Apesar da discussão nos bastidores, os presidentes descartam a medida por enquanto. “É uma saída que poderia aliviar no curto prazo, mas afetaria nossa imagem. Precisamos ter crédito para contratar e manter parcerias. Não é uma solução para o Inter”, afirma Barcellos.

Transformar-se em SAF, como fizeram Botafogo, Cruzeiro, Bahia e Vasco, entre outros, também é uma alternativa concreta. Ainda há resistência de torcedores e conselheiros, mas o cenário está mudando. No Inter, Barcellos encomendou um estudo com uma assessoria internacional para mapear o modelo de negócios mais adequado ao clube — incluindo ou não a SAF. O trabalho ainda está em andamento e deve ser concluído até o final deste ano.
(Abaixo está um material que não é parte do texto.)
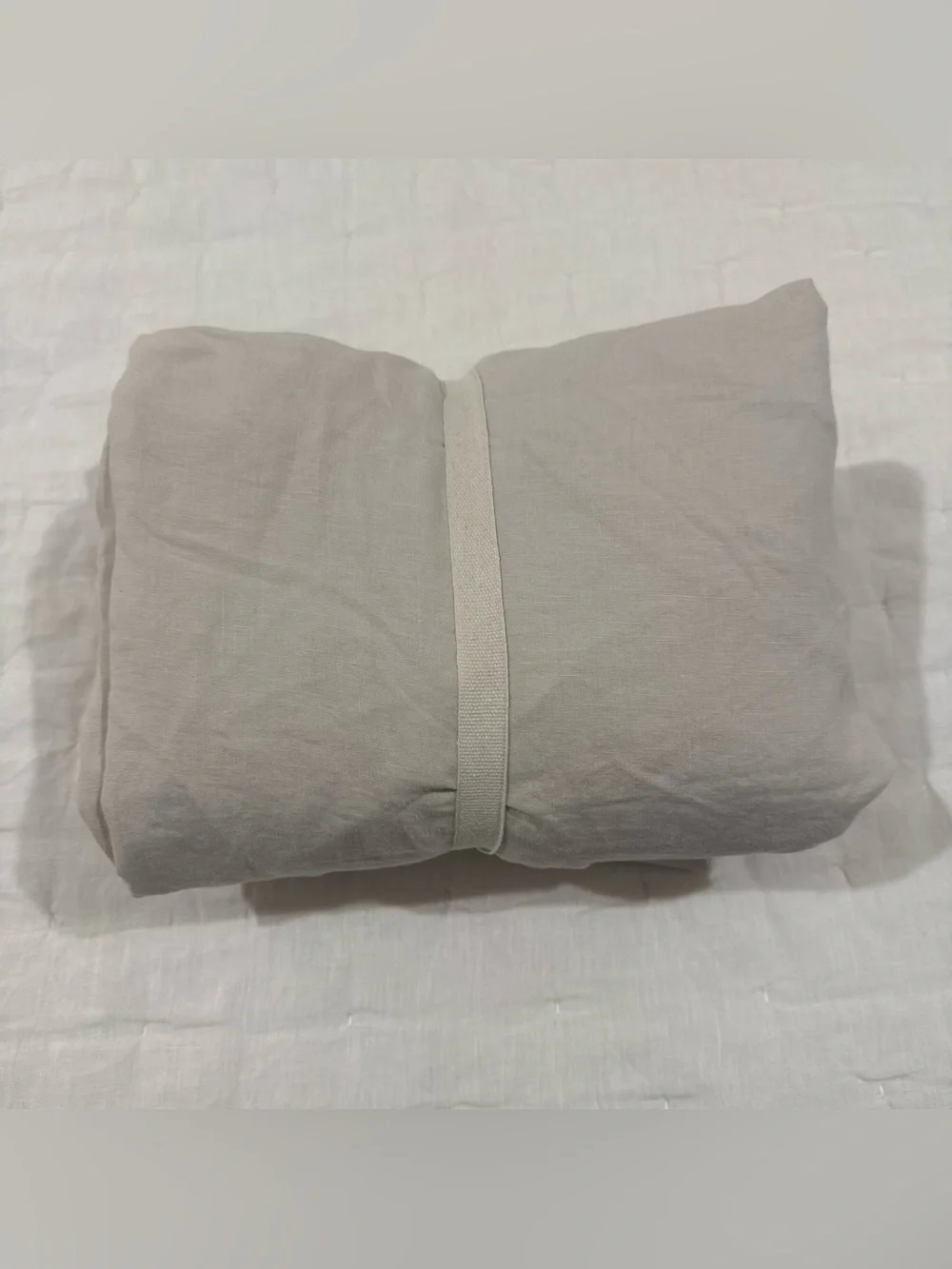 New Quince European Linen Fitted Sheet Set CalKing MSRP $154 Sand
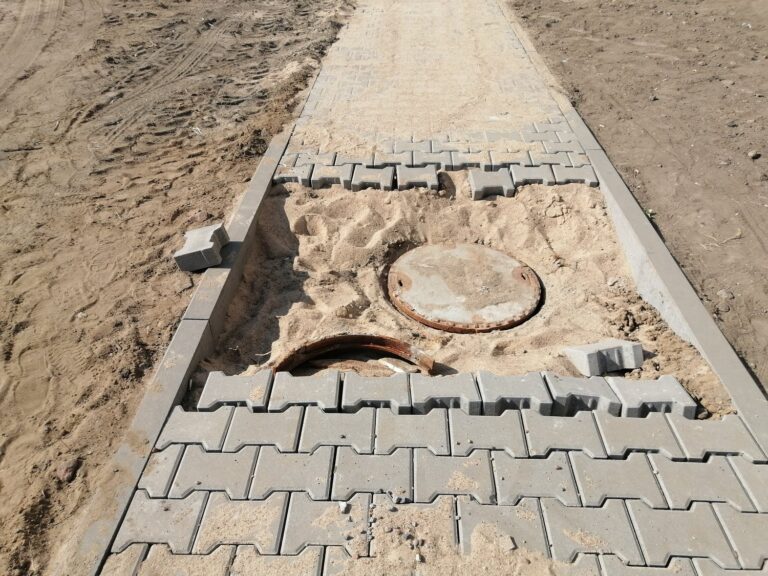 Jak wybrać odpowiednie elementy systemu drenarskiego dla swojej inwestycji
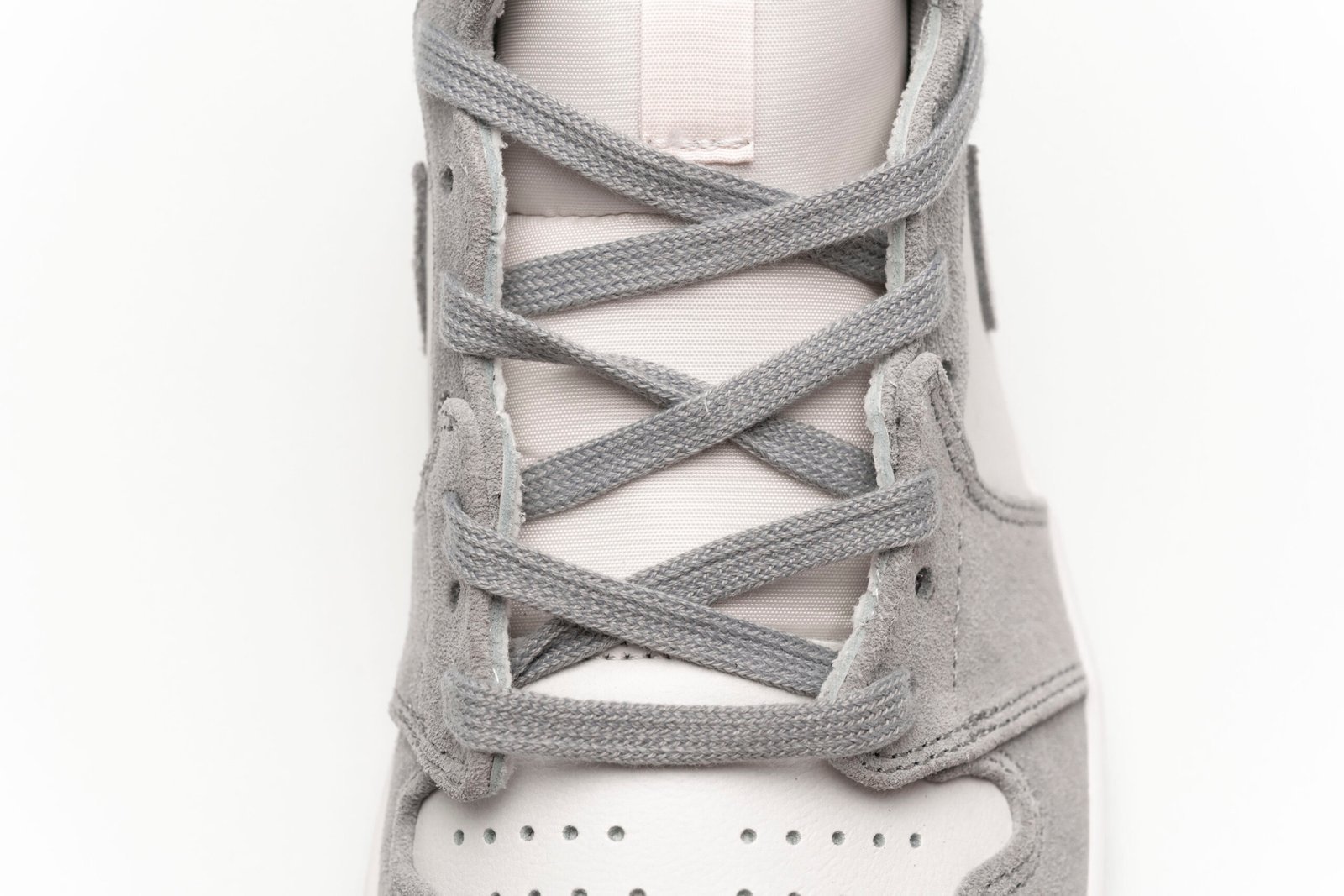 Air Jordan 1 Retro High Pale Ivory - Image 7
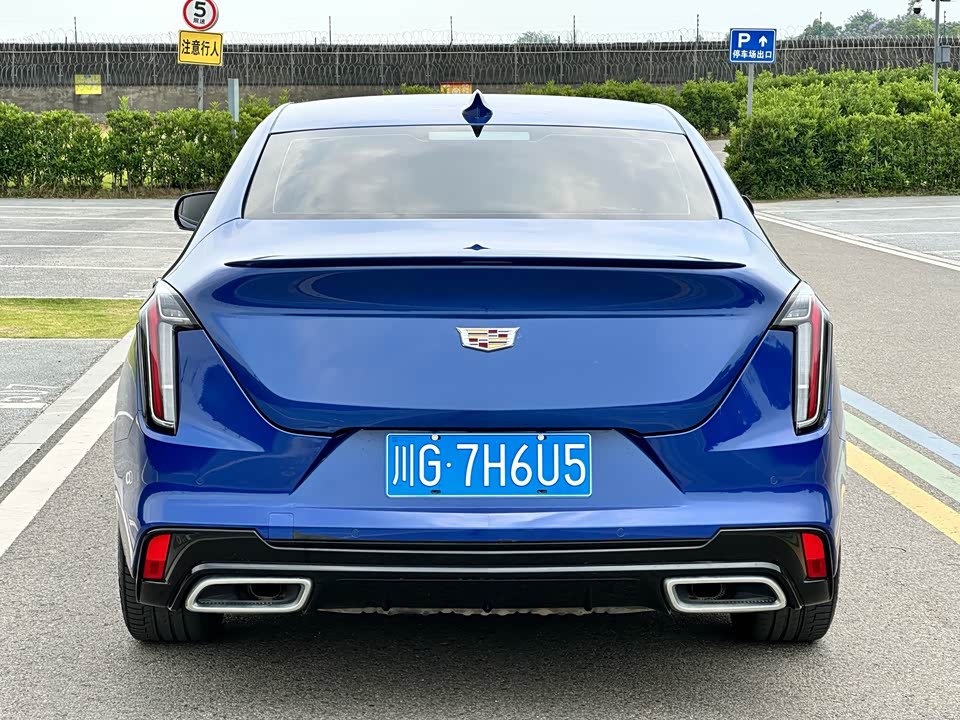 Cadillac CT4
No Grêmio, Guerra já se posiciona publicamente a favor:

“Temos que voltar a ser vencedores, para disputar grandes competições e vender atletas por valores maiores. E, quando isso acontecer, não podemos desperdiçar a chance de retroalimentar o sistema. Tivemos essa chance em 2016 e 2017, mas não soubemos aproveitar. Depois, caímos, e tudo foi por água abaixo. O cenário é difícil. Me elegi contra a SAF e defendi isso por dois anos e meio. Mas hoje, sou favorável.”